##### Supplied material

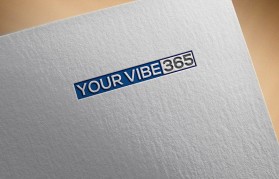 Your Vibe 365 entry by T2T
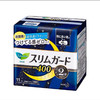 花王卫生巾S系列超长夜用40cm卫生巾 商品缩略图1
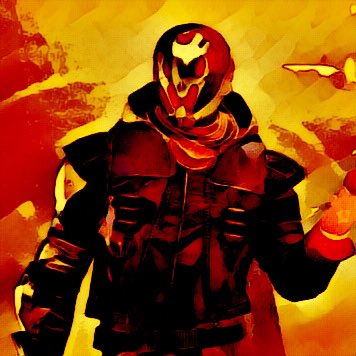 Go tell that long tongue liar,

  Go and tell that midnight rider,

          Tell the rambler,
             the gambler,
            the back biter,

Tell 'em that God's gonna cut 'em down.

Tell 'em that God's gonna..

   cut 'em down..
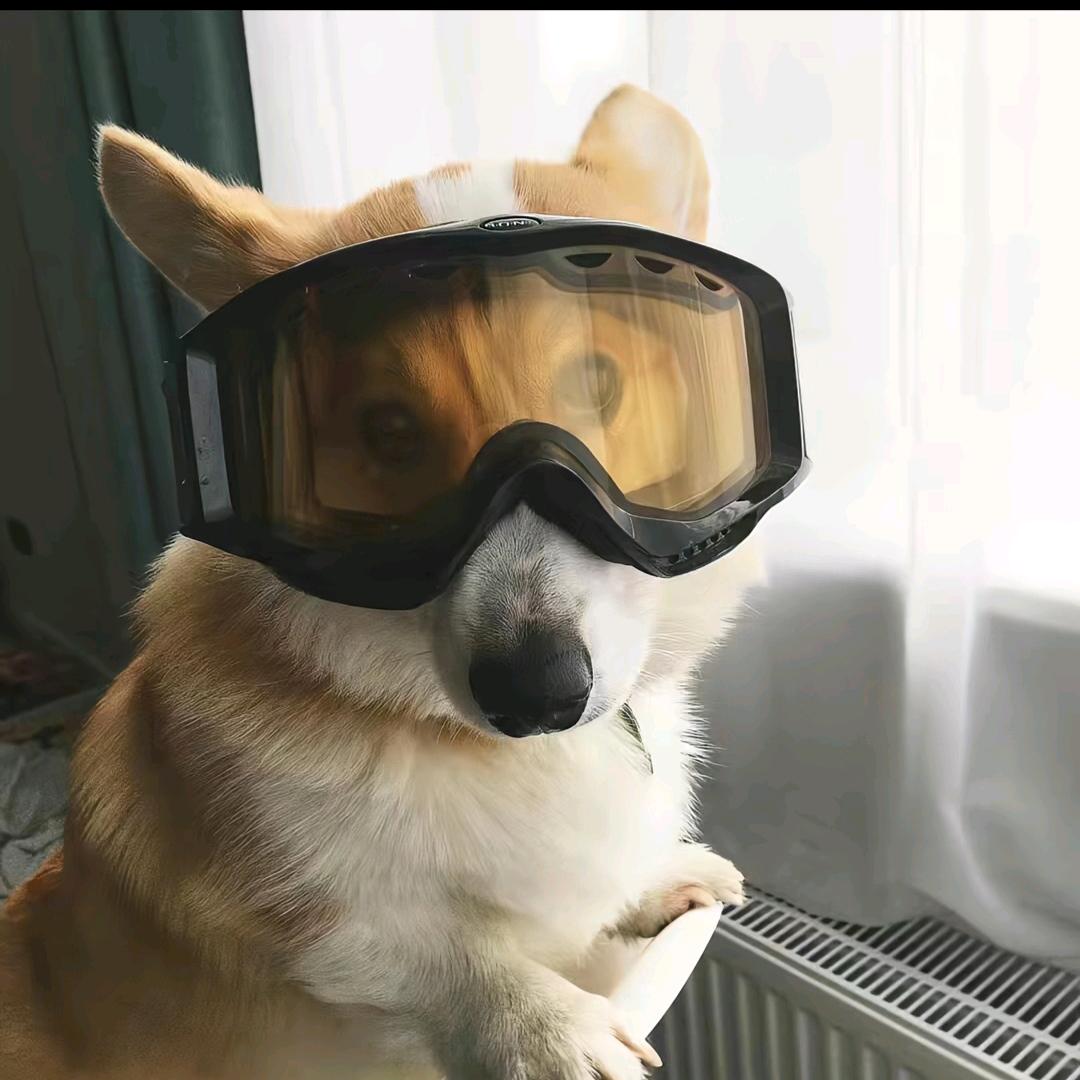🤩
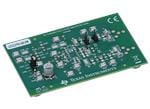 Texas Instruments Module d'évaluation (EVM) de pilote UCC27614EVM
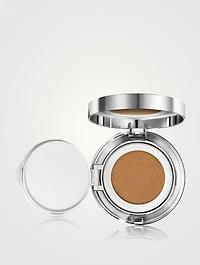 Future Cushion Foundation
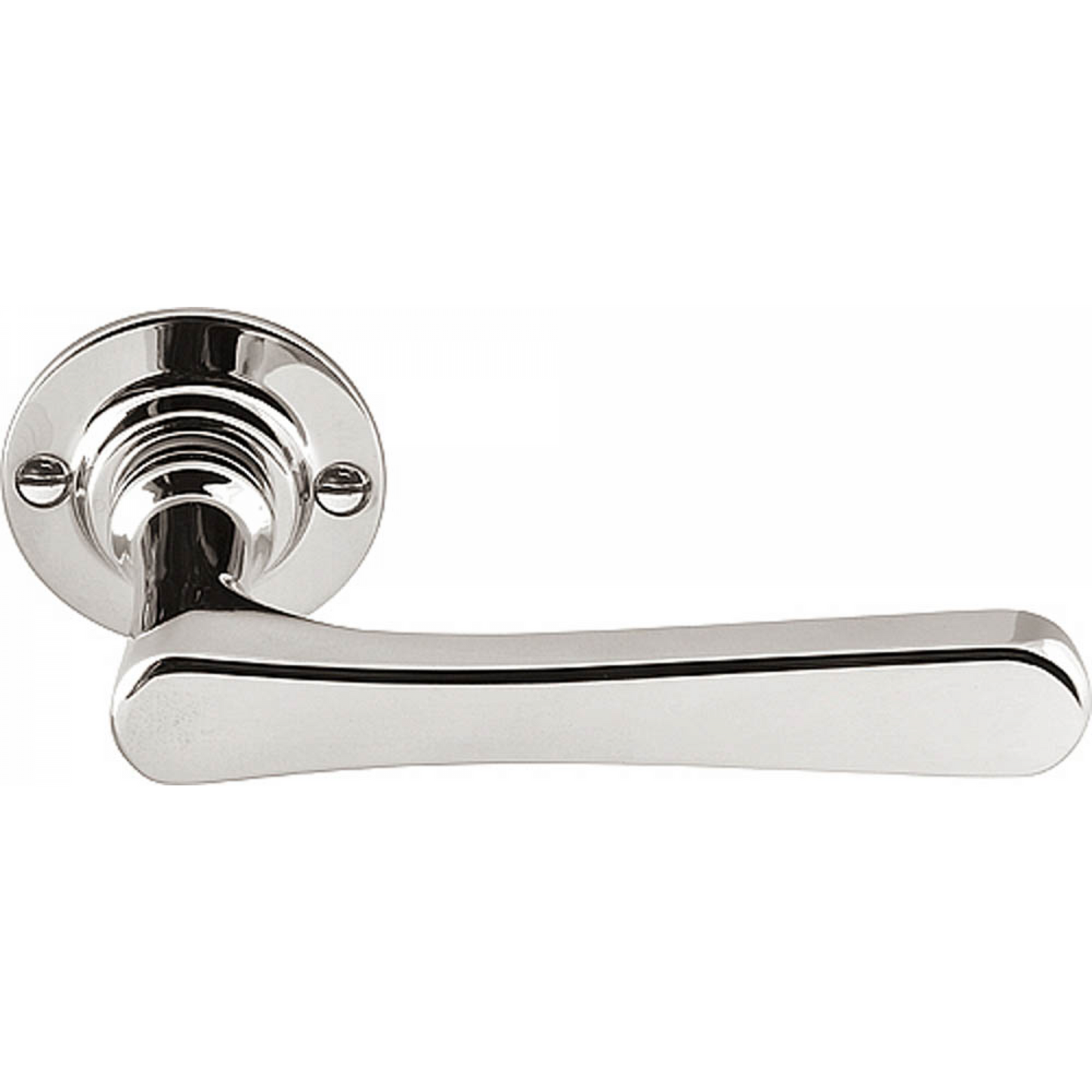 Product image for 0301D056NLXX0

##########

Work instruction: Word for word, restate only the lines from the one bearing "Tell 'em that God's gonna.." through the final line of the listing, inclusive, with no pictures.

Task response:
Tell 'em that God's gonna..

   cut 'em down..
🤩
 Texas Instruments Module d'évaluation (EVM) de pilote UCC27614EVM
 Future Cushion Foundation
 Product image for 0301D056NLXX0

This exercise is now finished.